I believe that optimism makes the world go around. Without hope we can never strive for greatness. We’ll never be perfect but the pursuit is what sets us apart from the norm. I don’t come from money nor make it my primary goal in life. I was raised by a single mother who was part of the first generation of our family from Mexico. Coming to America at the age of 9, she had ambitions of her own but the universe had other plans in mind. By the time she was 21, she had 3 boys to feed while working the assembly line in a factory. As a child, I didn’t understand the concept of money until one day in elementary school. It was the hot lunch day where you could purchase pizza instead of the normal cold cuts. Most kids got pizza but that wasn’t an option for us. It didn’t matter until someone made the comment about me having “the poor kid’s lunch.” Confused as a child I now look back and realize it was my first experience with bullying. My mother never sent us to school without enough food to eat. We always had food on the table no matter what. At the age of 31, I can now look back on similar moments throughout middle and high school. From new clothes to new cars. It wasn’t until this year (2019) that my mother and I got to look back on those years and talk as adults (or me as an adult). I asked her about what went through her mind and she brought up the comments family or friends would make about a divorced woman raising boys on her own. The comments ranged from us ending up in jail or becoming gangbangers.
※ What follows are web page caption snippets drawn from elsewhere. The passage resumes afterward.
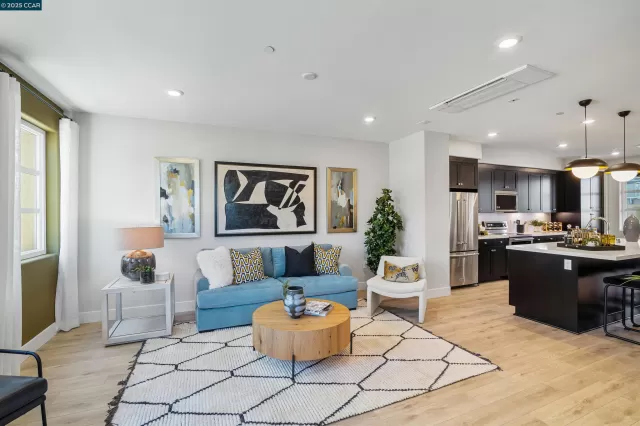 MLS: 41106935 Condo For Sale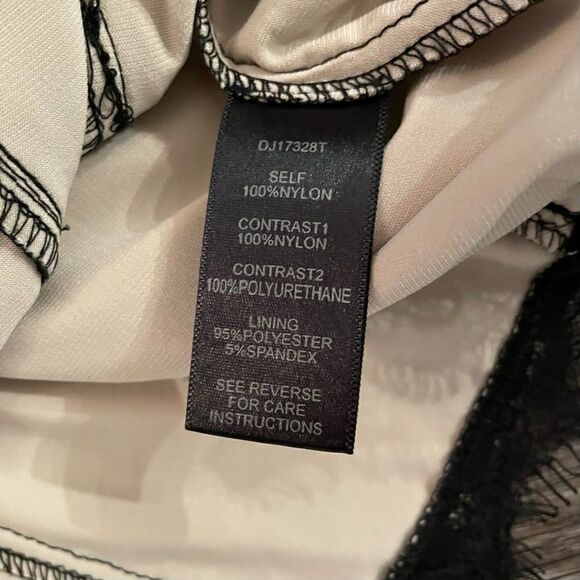 Ark & Co lace dress - Picture 5 of 9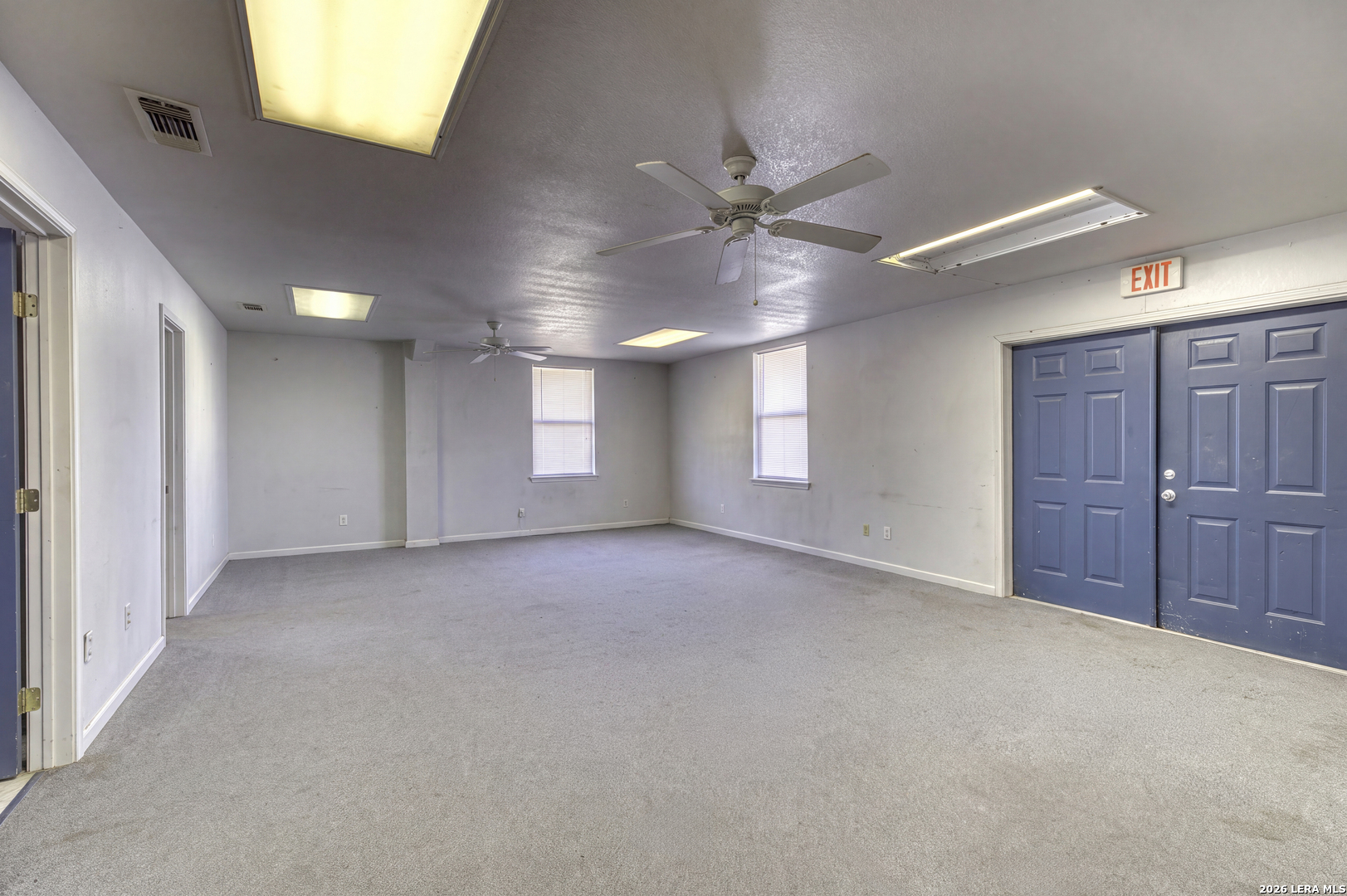 253 County Road 432 Hondo TX 78861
“I wanted to prove them wrong…” she said.
This is what moved her.
I look at my mother now and she’s the president of her own company and traveling the world. I look at her struggles growing up and can’t express how happy I am for her seeing how far she’s come.
I look at from the time I was 20 till 30 as the “finding myself” phase in my life. I finished college and moved to the city (Chicago). I am not perfect. I am nowhere near perfect. I have made mistakes and will continue to do so throughout my life. It’s the actions I take from those mistakes and grow from them. In October 2018, I got my ACE certification in Group Fitness to teach classes across Chicago. I was working out, working Corporate America, teaching classes, and enjoying life. As I grew within the fitness space, I noticed the increase in pressure to perform. Pressure for me comes from within and I’m always pushing to be my best. The problem with what I was doing was that I wanted it all. I wanted (or thought I wanted) to be the guy who could workout, teach class, then party on the weekends. I found myself on Sundays with hangovers that would quickly lead to anxiety.
Internal thoughts would range from…
Why did I drink too much?
My body is so sore?
I need to be refreshed for work and class tomorrow!
I never depended on alcohol as I could go for long periods without it but I found myself binging in those small pockets (Saturday nights). Blackouts would occur and I would be sitting there on Sunday with guilt salting my wounds of a hangover. I wondered why this was happening only to realize I was using alcohol to numb the pressure that was coming from within. I wanted to forget all of the pressures of becoming the best and instead, I was hurting myself. There’s a quote by Aron Ralston where he says “You’ll never find your limits until you’ve gone too far.” I remember hearing this years ago and it always stuck with me. No matter what I have done in life, I have always tried to be my best in that particular space. The con side of this was that I applied that quote to everything in my life including alcohol. When I worked out, I was going all out and when I drank, I would go all out. 8 months into the fitness life, I was at turning point and needed to make a decision. Do I want to continue this lifestyle or do I want to see how far I can go with fitness?
In June 2019, I quit alcohol. For me, alcohol was an obstacle in my way that I could easily remove. After the first month without alcohol I could feel the difference. My body was recovering from workouts faster than ever and I was finally getting the quality sleep I needed. Oddly enough, my memory went through the roof and I could remember everything. I wish there was a way to measure this but I could feel the difference in the way my mind was processing everything.
Where am I going with this?
I think about Bodi Shaks slogan “Find What Moves You” and for me, fitness was just that. I share my experience and thoughts with alcohol not as a “Go Omar!” message but for the person who may be struggling an obstacle in their way. We all have that something we want to do. It doesn’t matter if you’re 20, 30, or 40, you can always make the change. Find what moves you to be the best version of yourself.
If you enjoy chess, challenge yourself and sign up for a tournament…
If you like painting, challenge yourself to paint something new…
If you like writing, start a blog…
If you like doing hair, be the best stylist there is…
It doesn’t matter what your “X” is as this is your book of life. I think about everything going on in the world and there’s a ton of negative energy circulating. I know there’s only so much one person can do but if we can unite as people, I know we can slowly turn the tables. As we prep for the New Year (2020), I encourage those to think about what moves you.
Just ask yourself, how do you want to give back?